Public parenting

Kids don't always behave as we'd like when we're out and about. When they are out, they get extra excited and off schedules that their behaviour can be particularly challenging. The hard part is not only we, as parents have to be extra creative (and patient) to help our child cope in a way that is acceptable and doesn't infringe on the right of others, we have to do it in front of an audience, for whom we struggle under their judgmental gaze. 

How many times have you felt urged/coerced into parenting in a way you don't normally do because you were in a public situation? I know we have and just recently, our public parenting is put to the test. Like really put to the test.

It was last Friday night, at a talk by the renown Islamic scholar Mufti Ismail Menk, that we have never felt so embarrassed, our instincts were compromised and our parenting skills were probably being scrutinised.

I still remember how my husband asked me repeatedly whether or not I am pretty sure to bring our kids to the talk. My answer was a firm yes, reason being if we do not try we will not know the outcome. Plus, if we really want this, insyaAllah with Allah's mercy He will ease everything for us. So, the five of us, together with bibik, we made our way to the venue. 

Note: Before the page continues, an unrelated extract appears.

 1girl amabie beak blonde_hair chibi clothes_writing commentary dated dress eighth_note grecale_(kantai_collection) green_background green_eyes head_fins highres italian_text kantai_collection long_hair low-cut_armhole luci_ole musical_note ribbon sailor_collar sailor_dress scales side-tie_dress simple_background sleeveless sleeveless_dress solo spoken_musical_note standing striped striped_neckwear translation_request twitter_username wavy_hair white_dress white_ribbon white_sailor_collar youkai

Luqman, upon arrival, was all fidgety and over excited. He didn't want to walk. We had to keep up with his pace for he was running all the time. At first, we quite enjoyed it and some strangers even seemed floored by his cute antiques. And then when he started asking for 'susu' I began to feel burdened and I actually panicked. He was showing signs of tantrums so I scooped him out of the venue and fed him at a disclosed area until he was satisfied. Pheww! Before entering the tent, I even talked to him nicely saying that he has to behave and sit with ayah all the time. He said 'Ok!" But, who are you kidding??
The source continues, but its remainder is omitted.